Вешали ночью. Тюремные власти старались вешать тихо, без шума. Но коридор с камерами смертников помещался напротив камеры, где сидел Дзержинский, и он все равно слышал скрежет отодвигаемых засовов и звуки шагов. И знал, кого повели на казнь.
Из камеры в камеру заключенные передавали новость: охранка подослала в X павильон новых шпионов. Называли даже цифру — шесть человек. В среде заключенных тоже есть еще не разоблаченные провокаторы.
Администрация часто меняла сокамерников. Теперь цель этой постоянной перестановки стала ясна: дать возможность неразоблаченным шпикам узнать как можно больше.

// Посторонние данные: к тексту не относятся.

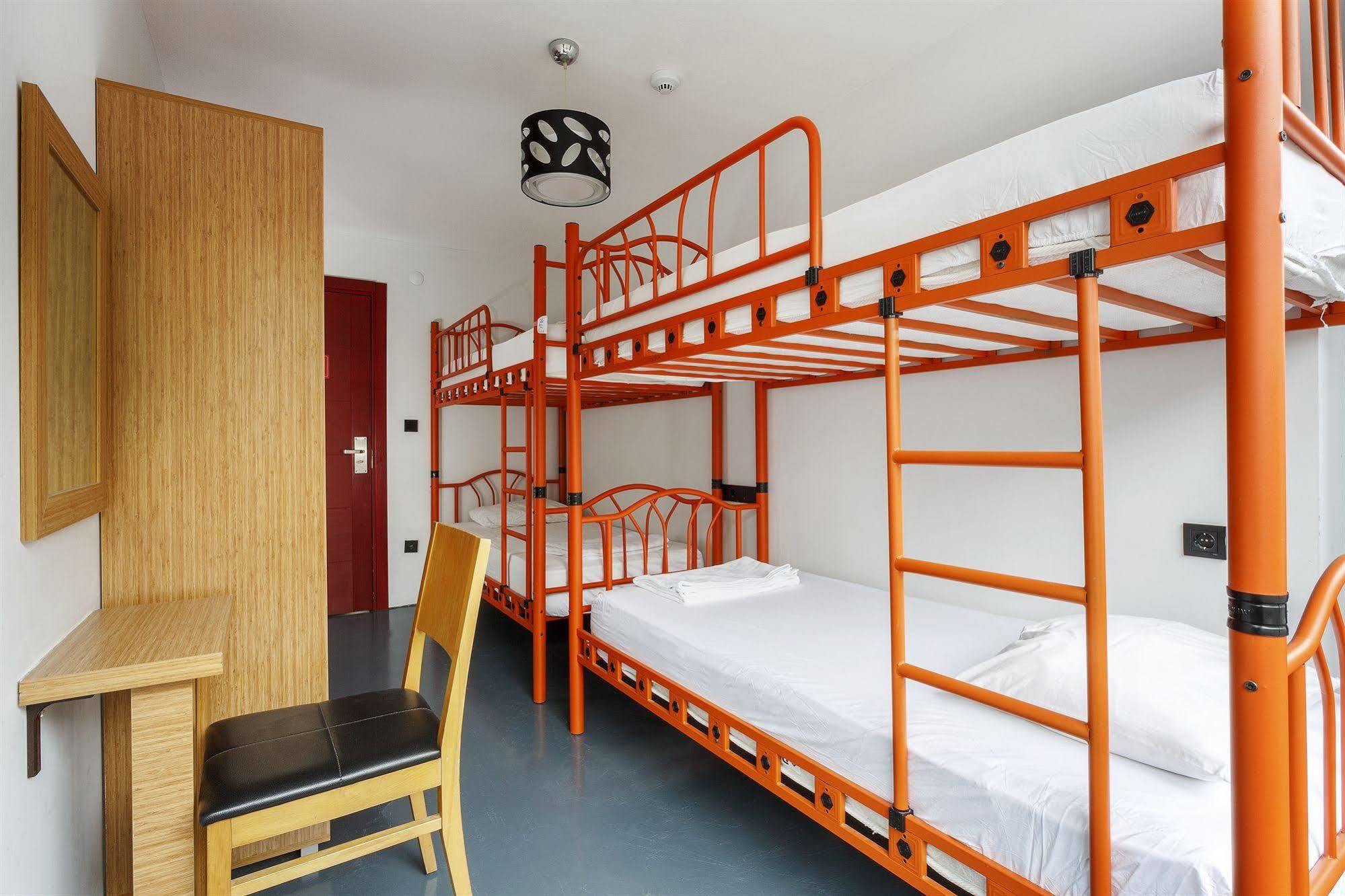 Hush Hostel Moda Стамбул Экстерьер фото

Чувство самосохранения заставляло заключенных делиться друг с другом своими подозрениями. Иногда провокатора удавалось обнаружить. Некоторые из них уж очень топорно работали. Например, одна из заключенных называла себя Юдицкой, письма получала как Жебровская, а жандармы именовали ее Кондрацкой. Она призналась, что получала от охранки 15 рублей в месяц. Были провокаторы, которых разоблачали по их поведению на предварительном следствии и в суде.
Но простучать в стенку соседу или передать ему записку со своими сомнениями и подозрениями нетрудно, а вот собрать воедино все факты, проанализировать их, а затем гласно заклеймить предателя — на это способны были немногие. Эту задачу взял на себя Дзержинский.

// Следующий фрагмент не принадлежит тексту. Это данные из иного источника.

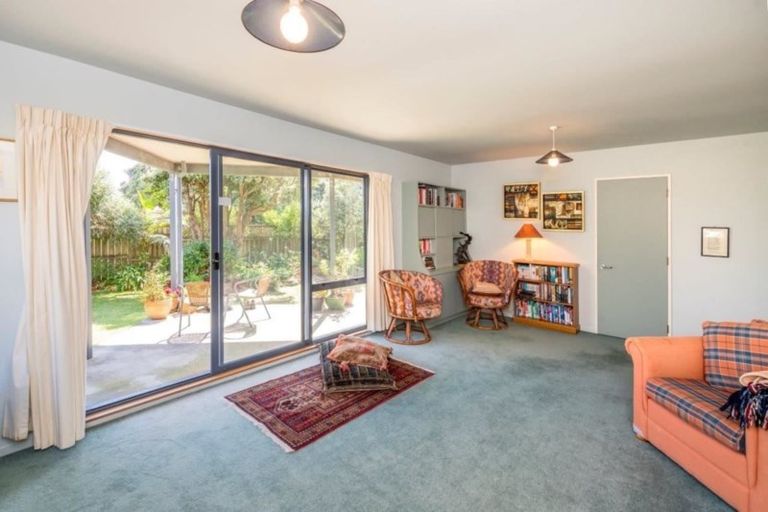 Photo of property in 108 Field Way, Waikanae Beach, Waikanae, 5036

И не раз во время прогулки заключенные слышали его голос:
— Товарищ! Гуляющий с тобой — известный мерзавец, провокатор.
На следующий день провокатор гулял уже в одиночестве, а вскоре и вовсе исчезал из поля зрения. Охранка убирала из тюрьмы своего провалившегося агента.
Кандалы, казни, гнетущая атмосфера ожидания решения собственной судьбы, тюремная тишина, которую лишь сильнее подчеркивали звуки, доносившиеся извне, — все это давило на узников X павильона, подтачивало здоровье, разрушало психику.

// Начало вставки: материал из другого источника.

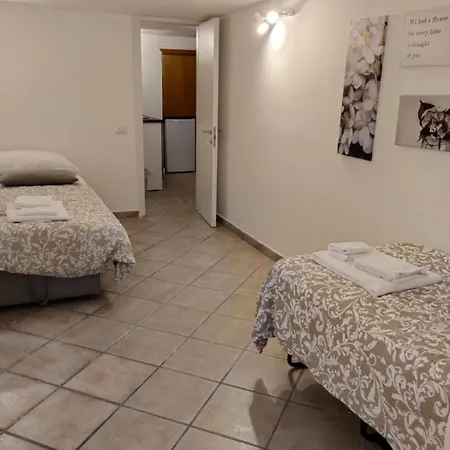Amedeo Square Bed & Breakfast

К шпионажу тайному, через подсаженных провокаторов, прибавлялась слежка явная: обыски в камере, подглядывание через глазок, подслушивание.
«Если бы нашелся кто-нибудь, кто описал бы весь ужас жизни этого мертвого дома, кто бы воспроизвел то, что творится в душе находящихся в заключении героев, а равно и подлых и обыкновенных людишек, что творится в душах приговоренных, которых ведут к месту казни, — тогда бы жизнь этого дома и его обитателей стала величайшим оружием и ярко светящим факелом в дальнейшей борьбе», — записал в тюремном дневнике Феликс Дзержинский.
Жандарм посмотрел через глазок в камеру Дзержинского и увидел его склонившимся над столом. Жандарм уже не в первый раз подходил к глазку: заключенный все что-то писал, почти не меняя позы.
«Ишь расписался…» Жандарма, однако, это не встревожило. Тем из заключенных, кто вел себя в крепости спокойно, не нарушал режима, администрация разрешала иметь бумагу и письменные принадлежности. Этим правом сейчас пользовался и Дзержинский.